*About this task:*
Your copy of the listing should match it exactly, only without pictures.

*Material provided:*
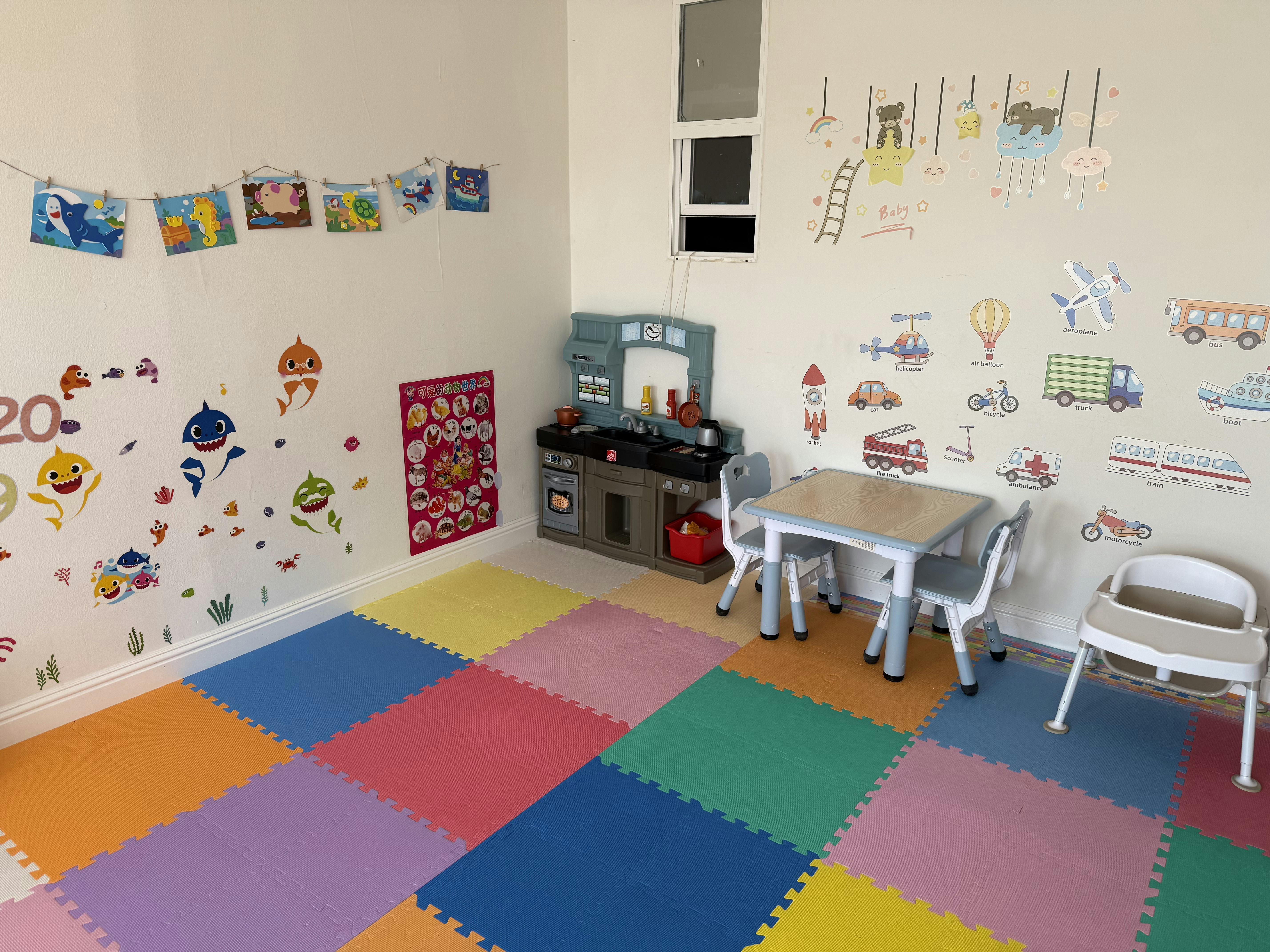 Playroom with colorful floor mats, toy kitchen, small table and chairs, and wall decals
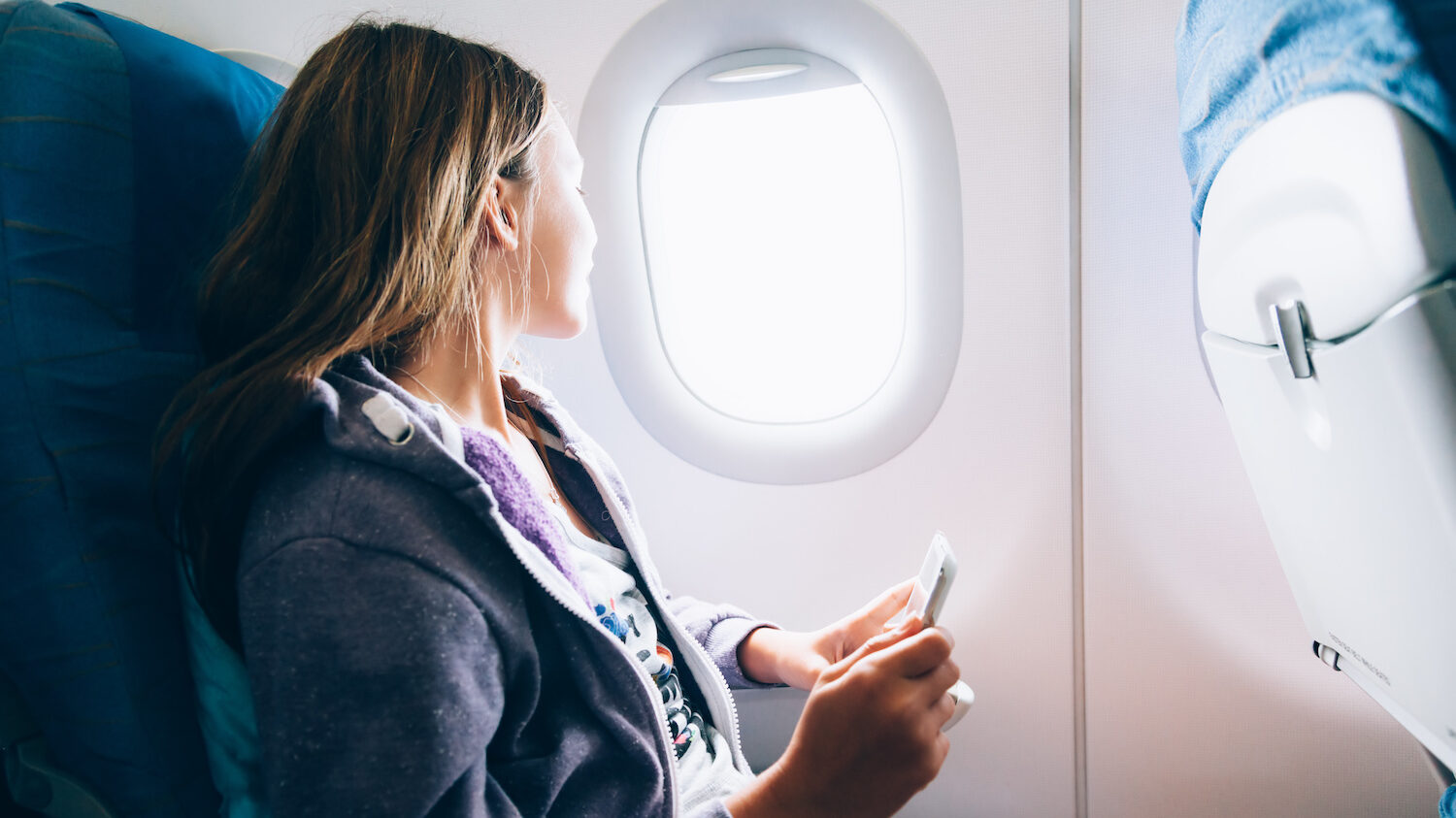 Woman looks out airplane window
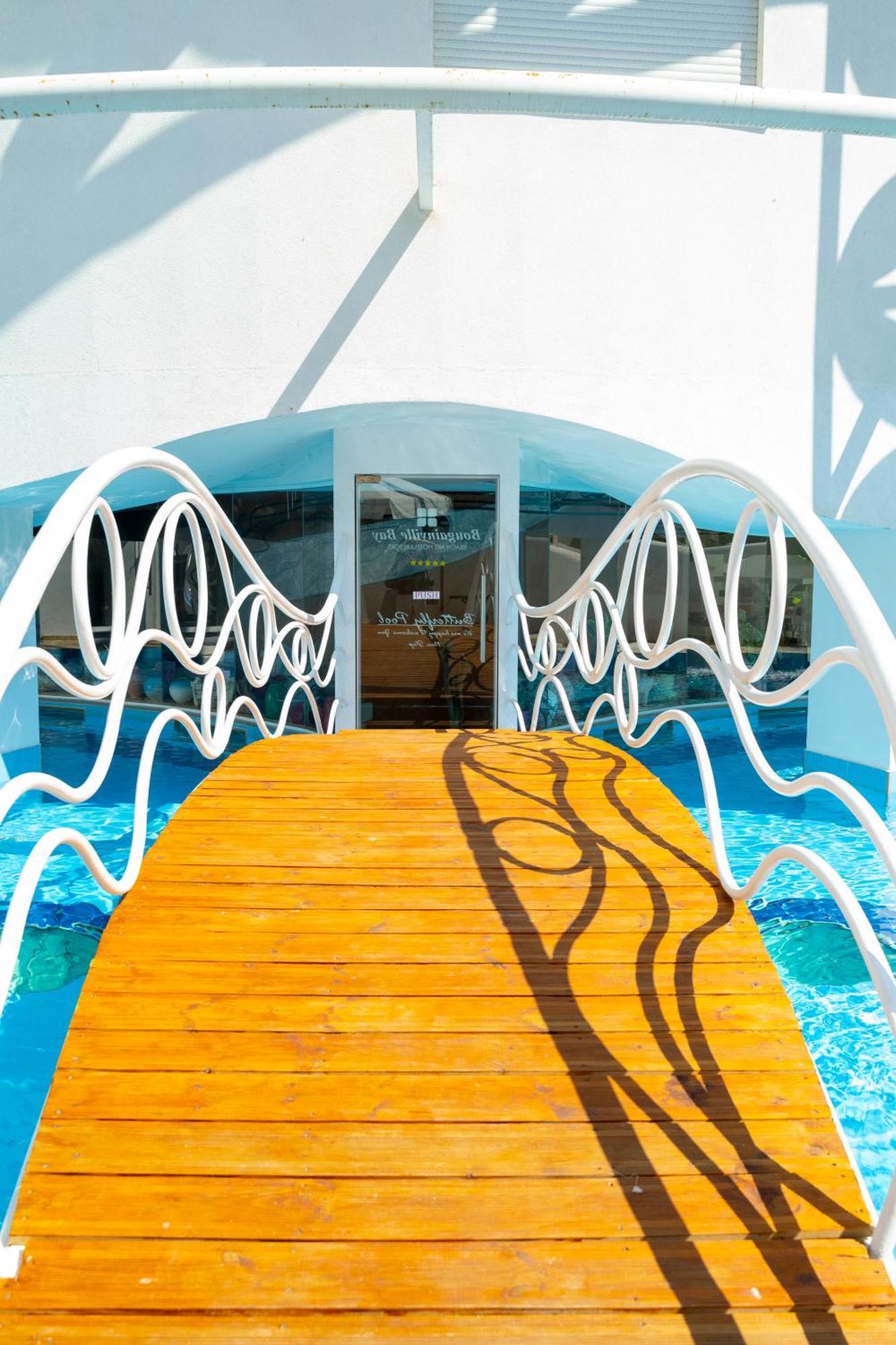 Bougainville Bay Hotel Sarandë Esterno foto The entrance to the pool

*Exercise solution:*
 Playroom with colorful floor mats, toy kitchen, small table and chairs, and wall decals
 Woman looks out airplane window
 Bougainville Bay Hotel Sarandë Esterno foto The entrance to the pool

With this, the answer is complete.